== Data for analysis ==

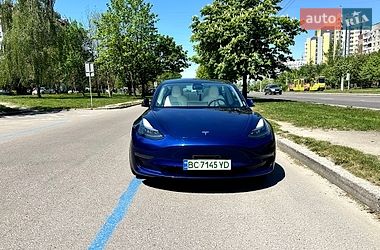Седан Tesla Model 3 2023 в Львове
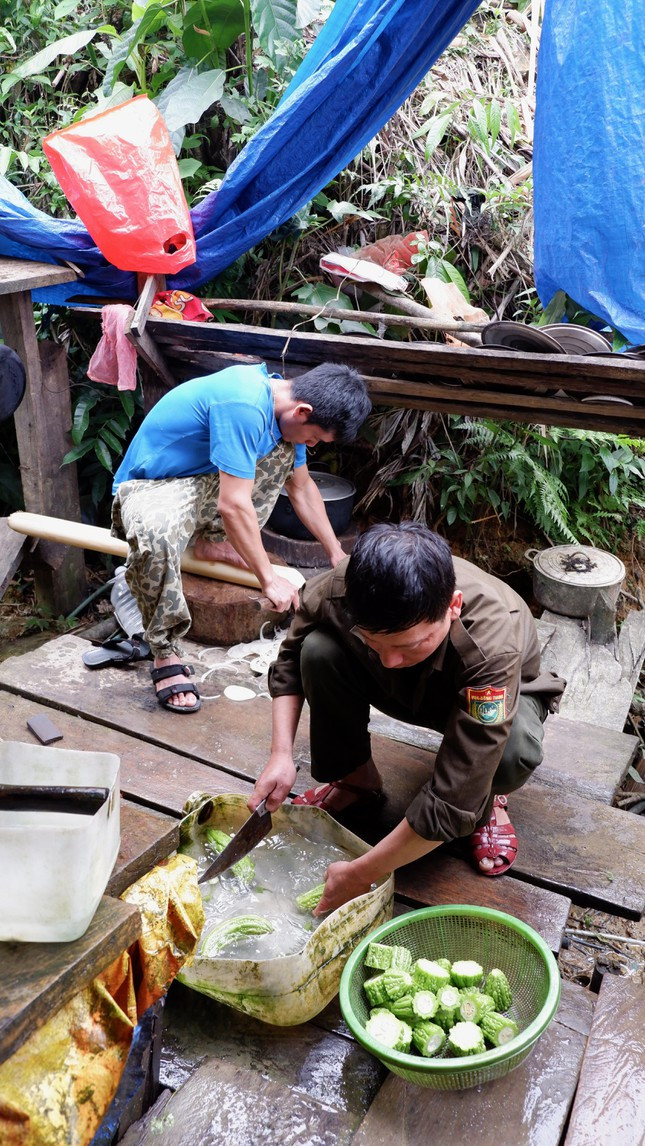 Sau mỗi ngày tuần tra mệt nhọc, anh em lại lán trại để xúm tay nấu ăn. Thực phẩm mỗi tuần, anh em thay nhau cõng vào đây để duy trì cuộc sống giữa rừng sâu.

===
== Data for analysis ==

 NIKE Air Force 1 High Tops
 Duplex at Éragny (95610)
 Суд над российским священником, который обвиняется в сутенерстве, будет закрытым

===
== Data for analysis ==

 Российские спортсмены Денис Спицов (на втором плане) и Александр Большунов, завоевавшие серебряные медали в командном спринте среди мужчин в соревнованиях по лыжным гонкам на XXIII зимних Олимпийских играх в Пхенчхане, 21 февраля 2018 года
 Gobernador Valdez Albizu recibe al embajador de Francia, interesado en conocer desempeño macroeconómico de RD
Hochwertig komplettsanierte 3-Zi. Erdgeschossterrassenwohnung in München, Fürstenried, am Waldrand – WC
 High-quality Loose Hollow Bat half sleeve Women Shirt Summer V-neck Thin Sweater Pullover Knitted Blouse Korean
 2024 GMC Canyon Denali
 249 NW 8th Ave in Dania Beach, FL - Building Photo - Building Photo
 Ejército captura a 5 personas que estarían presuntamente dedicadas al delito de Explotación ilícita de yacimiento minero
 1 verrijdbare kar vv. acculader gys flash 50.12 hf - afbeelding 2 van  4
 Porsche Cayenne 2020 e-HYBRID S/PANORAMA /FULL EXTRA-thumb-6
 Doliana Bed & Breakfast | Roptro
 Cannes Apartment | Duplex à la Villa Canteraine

===

In how many lines of the material does the word "High" appear? Respond with the number only.

2